ESG
SJP Doubles Down On Environmental Investment Drive

St James's Place, the UK-listed wealth management group, broadcast its ESG credentials in a presentation yesterday.
One of the largest wealth management franchises in the UK, which
is going all out on the environmental agenda, has seen 15 per
cent per annum compound growth year-on-year over the last 15
years.
St. James's
Place’s assets under management stood at £143.8 billion at
half year 2021, rising to £148.06 billion by the end of the third
quarter, according to its most recent published
results.
This is an increase from 2020 when its AuM was £129.3 billion,
while in 2019 it was £117 billion and the year before £95.6
billion. At an online event on sustainable investing 2022
yesterday, the company also revealed that it had 850,000 clients
and 4,477 qualified advisors across the SJP Partnership.
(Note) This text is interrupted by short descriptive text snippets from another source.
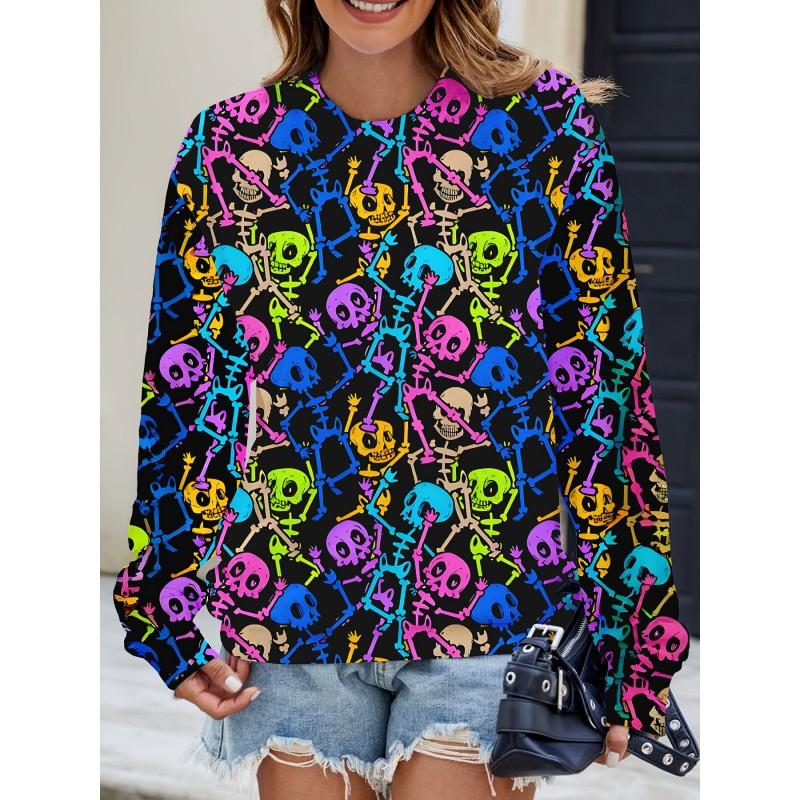 Womens Casual Hoodie With 3D Halloween Print Round Neck Lightweight Breathable Fabric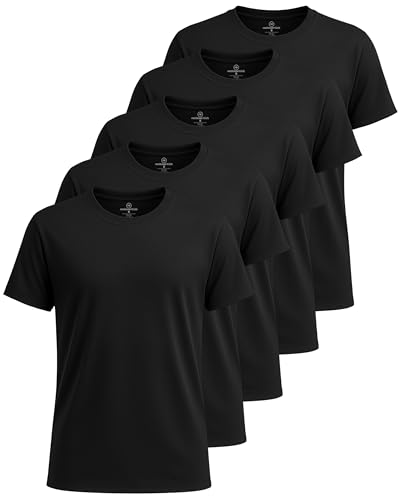 Image of Real Essentials 5 Pack: Boys Breeze Tech Dry-Fit Short Sleeve Athletic T Shirt Active Workout Gym Kids Youth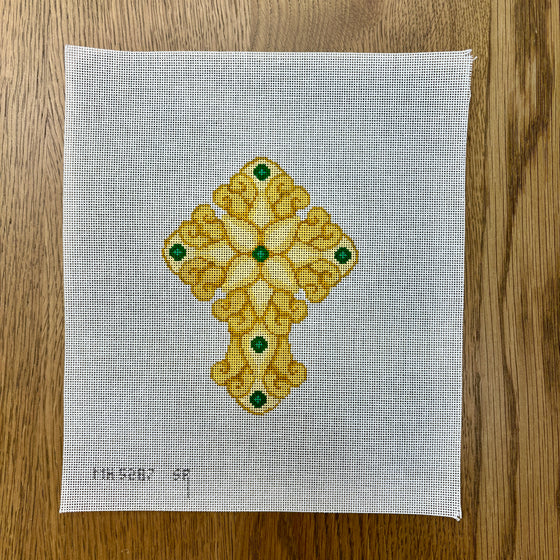 Emerald Star Flower, Cross - 18 mesh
This
represented a rise from 4,338 in 2020, while in 2019 it had 4,271
advisors and 3,954 in 2018, up from a year before.
On the strength of this, the company laid out its predictions for
sustainable investing this year and said it has a responsibility
to drive the wealth management agenda on climate change.
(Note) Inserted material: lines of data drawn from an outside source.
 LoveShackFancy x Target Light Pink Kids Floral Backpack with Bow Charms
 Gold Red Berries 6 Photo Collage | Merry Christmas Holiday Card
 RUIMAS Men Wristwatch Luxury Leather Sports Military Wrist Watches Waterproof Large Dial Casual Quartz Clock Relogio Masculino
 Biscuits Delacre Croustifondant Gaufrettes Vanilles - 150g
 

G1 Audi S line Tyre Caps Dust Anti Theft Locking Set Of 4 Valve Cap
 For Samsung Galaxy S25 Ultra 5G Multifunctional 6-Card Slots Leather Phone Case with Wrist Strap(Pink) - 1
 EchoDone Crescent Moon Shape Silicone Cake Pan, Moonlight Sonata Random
This news service has a new programme, its Wealth For Good
Awards, designed to highlight the work wealth managers are doing
to drive change around the environment, society and governance.
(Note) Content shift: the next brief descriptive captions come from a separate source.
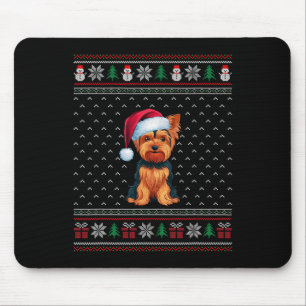 Yorkshire Terriër met Santa Hat Ugly Xmas Dog Muismat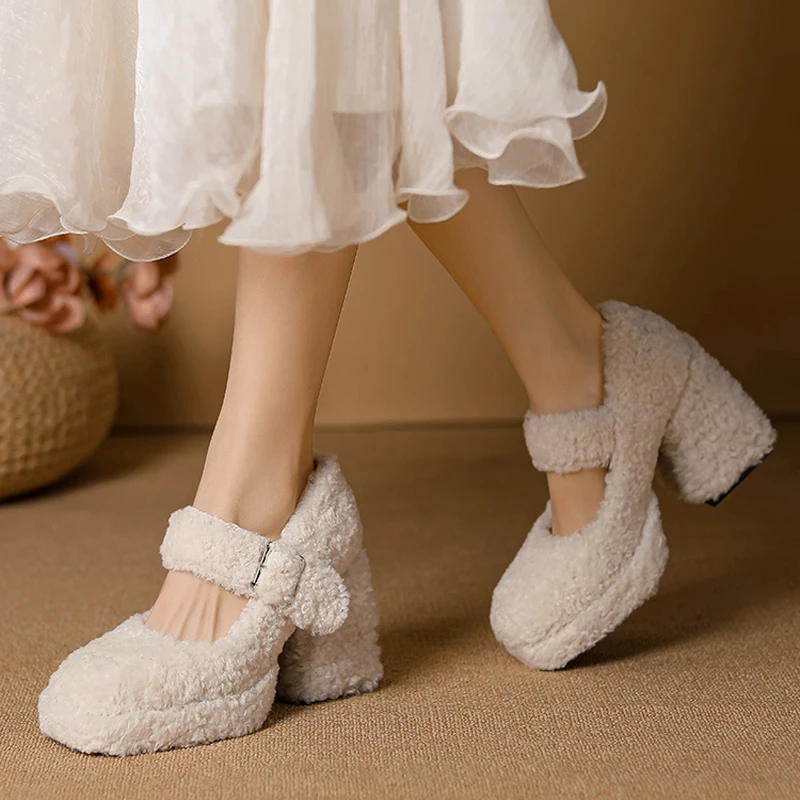 

High Platform Lambswool Mary Jane Shoes Woman Retro Teddy Fur Thick Sole Pumps Ladies Winter Warm Plush Dress Zapatos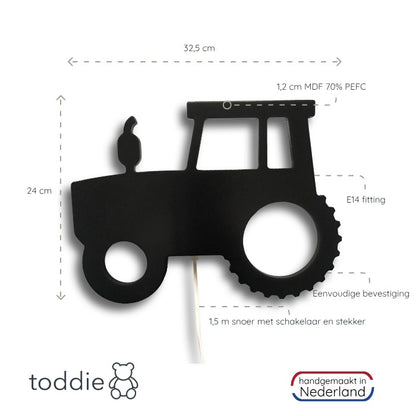 Houten wandlamp kinderkamer | Trekker zwart - toddie.nl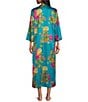 N by Natori Crysanthe Print 3/4 Sleeve Satin Zip Caftan - Image 2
To find out more about the awards,
click on this link. Submissions close on 4 February. Winners,
finalists and commended entries will be celebrated in May this
year.
Switching agendas
While the agenda for the previous decade was digitalisation, the
agenda for the next ten years is decarbonisation, and the company
believes that the technology to decarbonise to hit the goals
already exists.
Rob Gardner, head of investments for the firm, pointed to the EV
Rolls Royce Spitfire 300pmh aeroplane on display at COP26, which
he believes marks the beginning of the transition to EV for the
airline industry.
He also pointed to a JCB digger powered by green hydrogen, which
was displayed at the climate change summit, as being part of the
construction industry’s transition to net zero, and to seeing the
first net-zero produced steel. Net-zero concrete and a net-zero
construction industry were also needed, he said.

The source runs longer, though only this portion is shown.